Using the "sandwich" method prove that \lim_{n\rightarrow \propto }(\frac{sin(n)}{n})=0

Homework Equations

x_n \leq y_n \leq z_n

\lim_{n\rightarrow \propto }(x_n) \leq \lim_{n\rightarrow \propto }(y_n) \leq \lim_{n\rightarrow \propto }(z_n)

The Attempt at a Solution

I am honestly little bit confused at this point.

If the answer is:

\frac{-1}{n} \leq \frac{sin(n)}{n} \leq \frac{1}{n}

then my question is if n=-\frac{\pi}{4} then \frac{-1}{-0.785} will be not less or equal to \frac{\sqrt{2}}{2*(-0.785)}, where -0.785=-\frac{\pi}{4}, where \pi \approx 3.14.

Thanks in advance.

 

[marcusl]

Are you sure that n is a real number? Usually n denotes a positive integer in this type of problem.

 

[HallsofIvy]

-1/n\le sin(n)/n\le 1/n for n positive. Obviously, if n is negative, just -1/n\le 1/nis not true! Your use of x\rightarrow \propto is a little confusing. Did you mean \infty? Even if you do not interpret n as necessarily being positive, if n is "going to \infty" eventually, for some finite N, if n> N, n will be postive.

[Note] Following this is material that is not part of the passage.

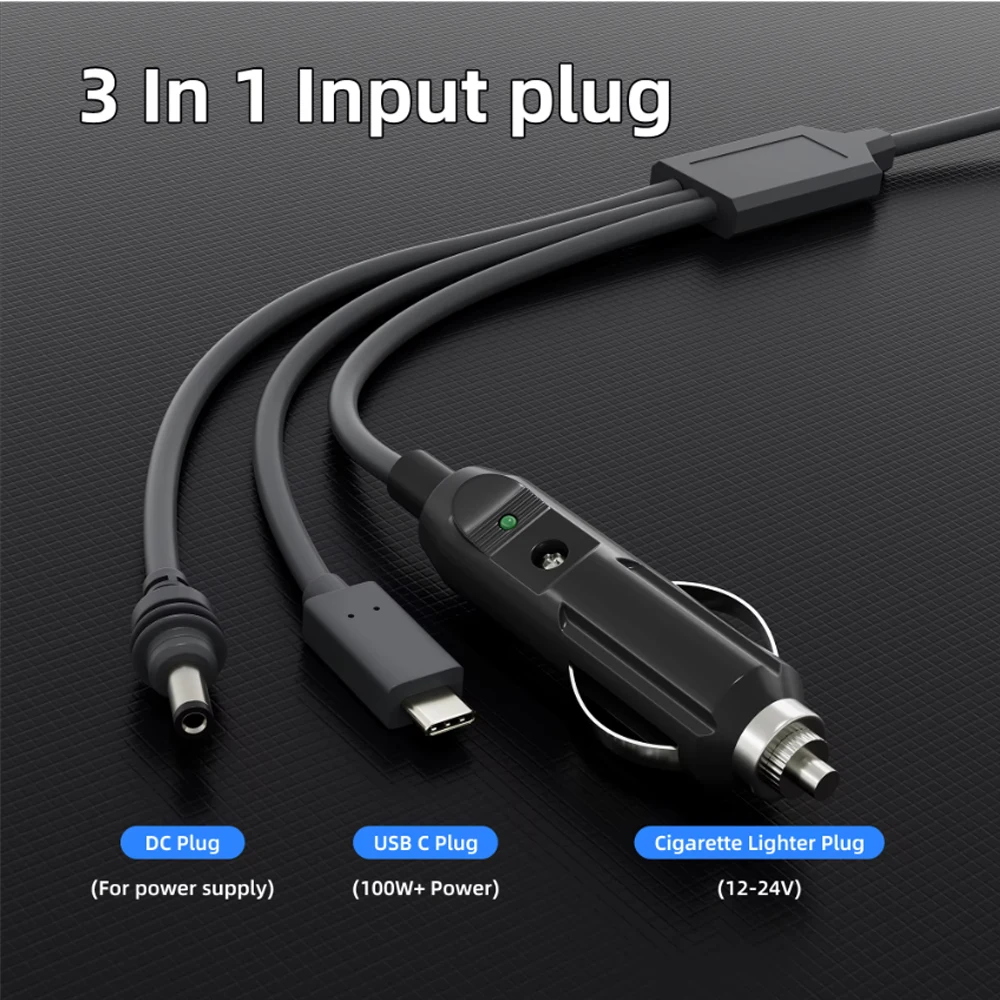 for Starlink Mini 3 in 1 DC Power Cable 10FT 100W USB C 12-24V Cigarette Lighter Plug and DC Male Power Cable Cord for Starlink 6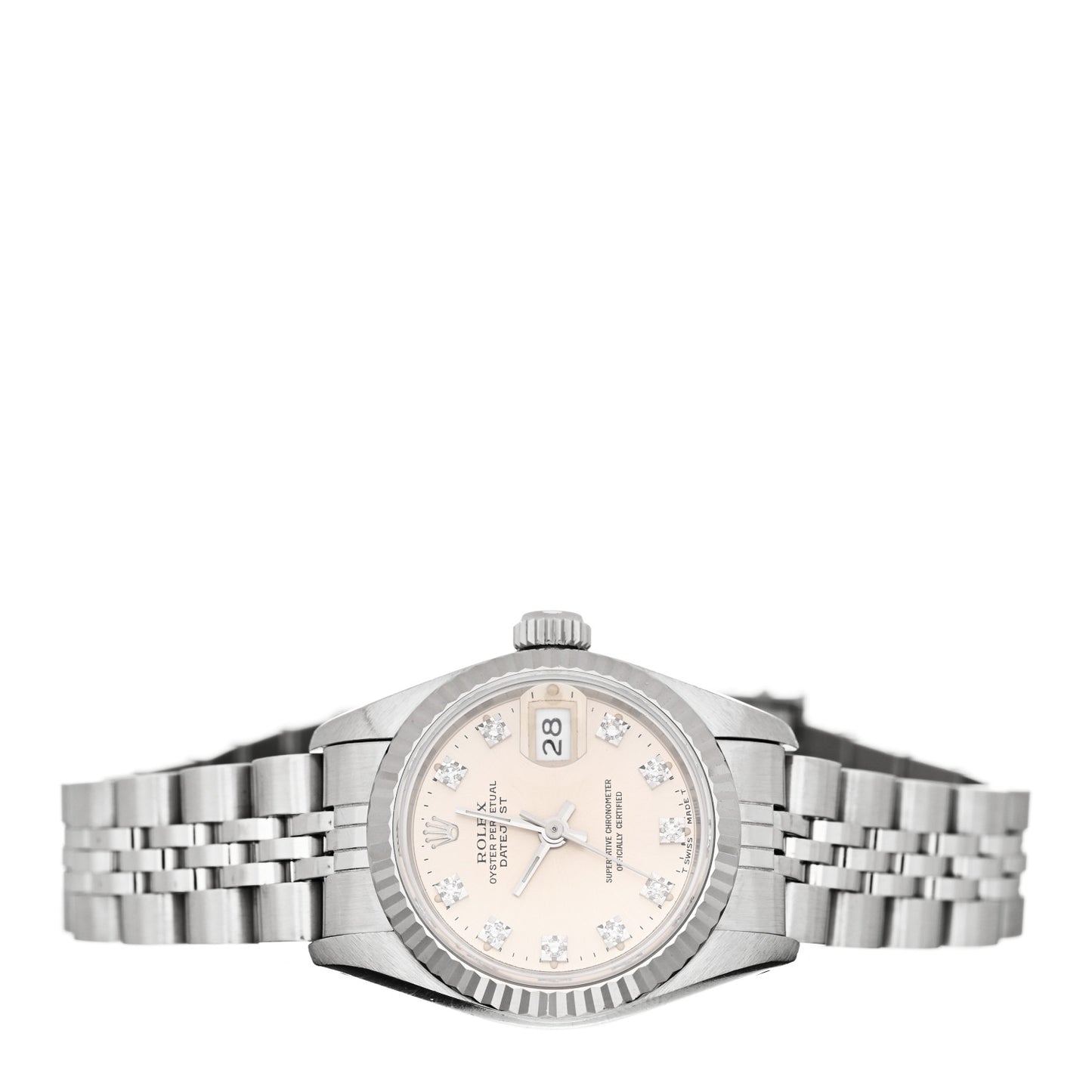Stainless Steel 18K White Gold Diamond 26mm Oyster Perpetual Datejust Watch Silver 69174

And you can always drop any finite number of terms in an infinite sequence without changing the limit.

 

[Дьявол]

Thanks for the posts. I see now, it was my mistake if a_n=sin(n)/n, a_n is progression where n are positive integer numbers. So if:
-1 \leq sin(n) \leq 1
then divided by n, I'll get:
-1/n \leq sin(n)/n \leq 1/n
Sorry for the symbol, I misspelled it, since I don't cover LaTeX too good at this moment.
Thanks for the help.

 

[HallsofIvy]

For future reference, in LaTex, \infty is "\infty". \propto is "\propto", i.e. "proportional to".